The data that follows must be transcribed in full and exactly, minus the pictures.

Start of Collected data

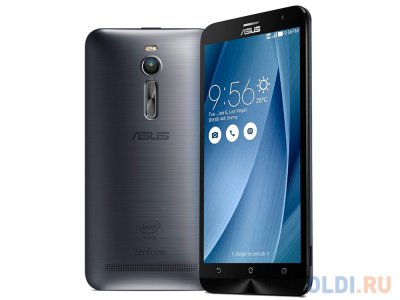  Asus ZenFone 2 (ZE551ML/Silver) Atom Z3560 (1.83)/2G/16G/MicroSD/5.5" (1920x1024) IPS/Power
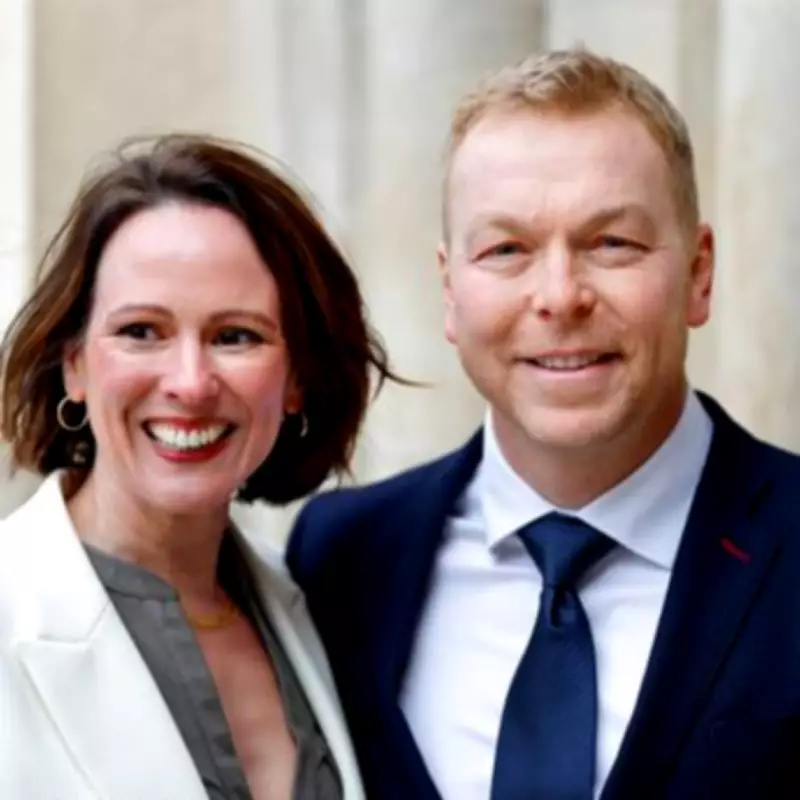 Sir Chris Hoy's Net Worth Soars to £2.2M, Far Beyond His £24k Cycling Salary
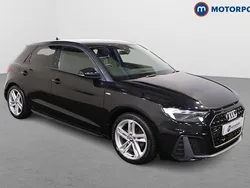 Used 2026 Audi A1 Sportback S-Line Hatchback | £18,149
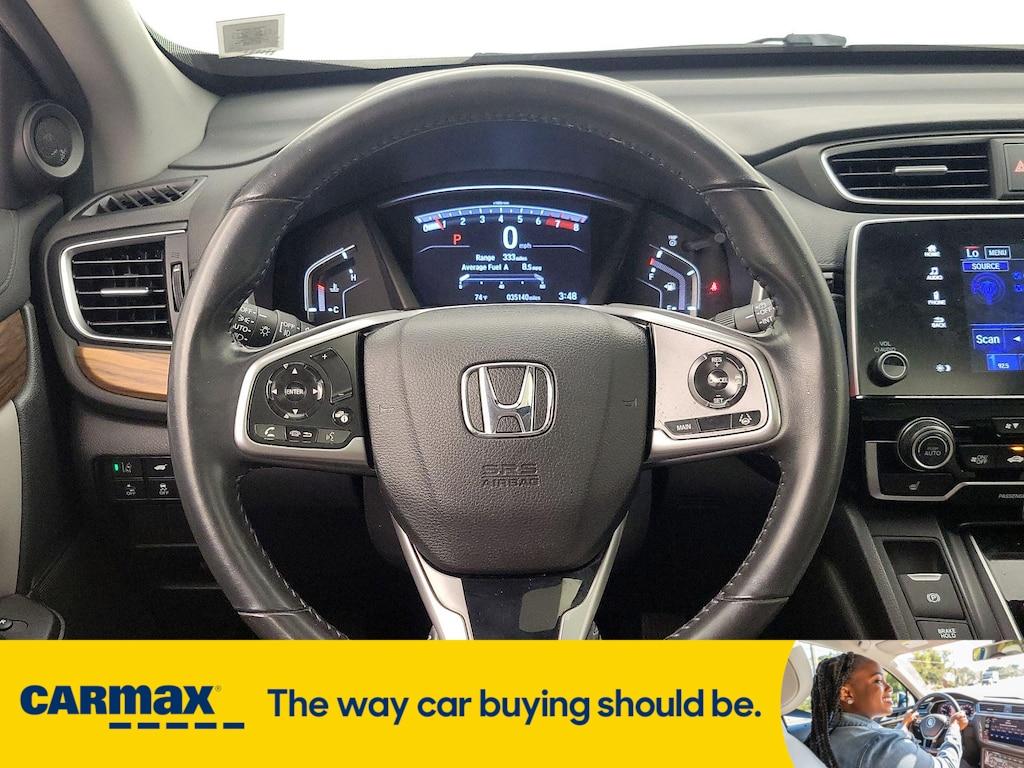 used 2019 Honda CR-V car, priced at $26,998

End of Collected data

→ Final answer
  Asus ZenFone 2 (ZE551ML/Silver) Atom Z3560 (1.83)/2G/16G/MicroSD/5.5" (1920x1024) IPS/Power
 Sir Chris Hoy's Net Worth Soars to £2.2M, Far Beyond His £24k Cycling Salary
 Used 2026 Audi A1 Sportback S-Line Hatchback | £18,149
 used 2019 Honda CR-V car, priced at $26,998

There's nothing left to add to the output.